YOUR TASK => Find the line with "九游体育app官网许多东谈主" in the entries below, then output every line from it down to the line with "Political Islam in", exactly and with no pictures.

[[ PROVIDED RECORDS open ]]

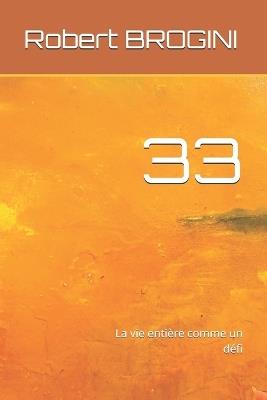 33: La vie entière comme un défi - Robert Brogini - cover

[[ PROVIDED RECORDS closed ]]
[[ PROVIDED RECORDS open ]]

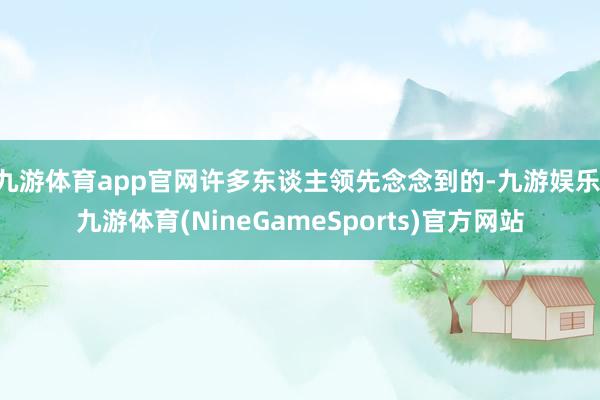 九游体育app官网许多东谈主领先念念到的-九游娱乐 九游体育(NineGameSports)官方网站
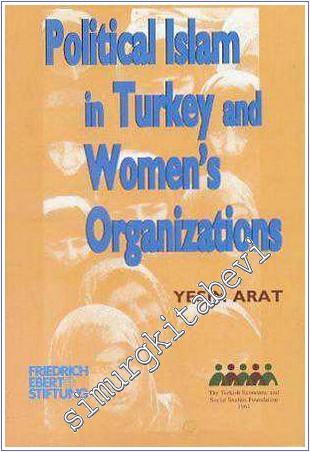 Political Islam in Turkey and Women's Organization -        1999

[[ PROVIDED RECORDS closed ]]

RESPONSE AREA =>
 九游体育app官网许多东谈主领先念念到的-九游娱乐 九游体育(NineGameSports)官方网站
 Political Islam in Turkey and Women's Organization -        1999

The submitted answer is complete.